Andrew Harris—IBBME Special Seminar

When:
June 4, 2018 @ 10:00 am – 11:00 am
2018-06-04T10:00:00-04:00
2018-06-04T11:00:00-04:00
Where:
RS 412
164 College St
Toronto, ON M5S 3E2
Canada

Tension on actin filaments alters the affinity of calponin homology domains

Andrew Harris

Andrew R. Harris, Postdoctoral Researcher
Fletcher Lab for Visualization & Control of Biological Assembly,
Department of Bioengineering, University of California Berkeley

Abstract

The actin cytoskeleton is organized into distinct structures that transmit forces during cell movements, shape change, and internal rearrangements.

Differences in filament nucleotide state, oxidative state, and nucleator have been shown to influence the binding of accessory proteins in a shared cytoplasm, but a general role for force in localizing actin-binding proteins to specific actin structures is unclear.

I have shown that mechanical loading of individual actin filaments can change the affinity of proteins containing tandem calponin-homology domains (CH1-CH2), a family of actin binding proteins that include the crosslinkers filamin B, β-spectrin, and BPAG1, providing a direct mechanism for altering network composition in response to tension.

Despite high sequence homology, we find that CH1-CH2 domains from multiple actin-binding proteins show different patterns of binding in live cells compared to utrophin CH1-CH2, a commonly-used label of filamentous actin in live cells.

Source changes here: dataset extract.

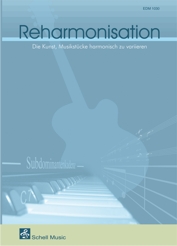 Reharmonisation: Die Kunst, Musikstcke harmonisch zu variieren - cliccare qui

By making point mutations in and around the actin binding regions, I have shown that mutants of the utrophin CH1-CH2 can be made to localize preferentially to either contractile networks or to lamellipodial networks.

In vitro measurements of the mutant CH1-CH2 domain binding reveal that tension on single filaments and filament networks is sufficient to alter affinity, with both negative and positive stress dependence in different mutants.

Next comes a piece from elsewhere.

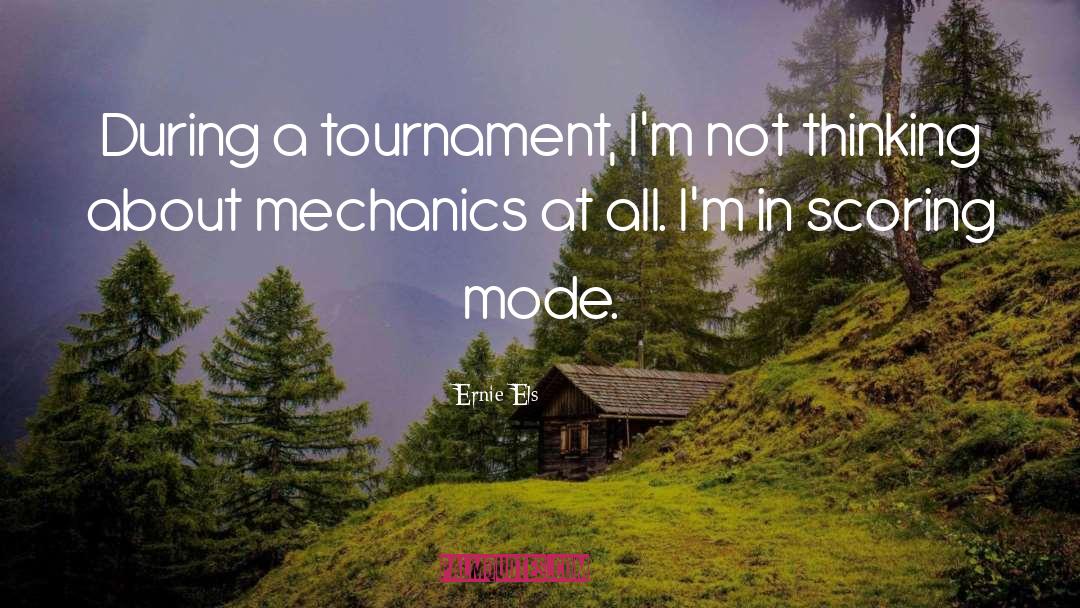 Tournament quotes by Ernie Els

Using ratiometric imaging of actin-binding domains with different force-dependent affinities, one can conceive a framework to screen for force-dependent binding proteins and map relative stress distributions in live cells.

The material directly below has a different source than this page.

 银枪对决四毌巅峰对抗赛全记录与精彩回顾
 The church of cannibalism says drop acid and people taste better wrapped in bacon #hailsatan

This work provides insight into how mechanical loads can directly organize actin cytoskeletal structures by altering binding protein affinity and offers a tool for visualization of stresses within the actin cytoskeleton.

Biography

Andrew Harris’ research interests lie at the interface between the physical and life sciences, using tools from engineering, biology and biochemistry to identify fundamental determinants of cytoskeletal organization (as an EMBO/HFSP Postdoctoral Fellow with Prof. Daniel Fletcher at UC Berkeley) and to characterize cell and tissue mechanical properties (as an EPSRC Ph.D. student with Prof. Guillaume Charras at UCL).

His future research interests focus on understanding the molecular basis by which cells generate and respond to mechanical forces, and on using reverse-engineered molecular tools to design tissues with custom morphologies. Together, this ‘bottom-up’ approach to tissue engineering – and the basic science on which it is based – has the potential to enable fundamentally new regenerative and therapeutic strategies.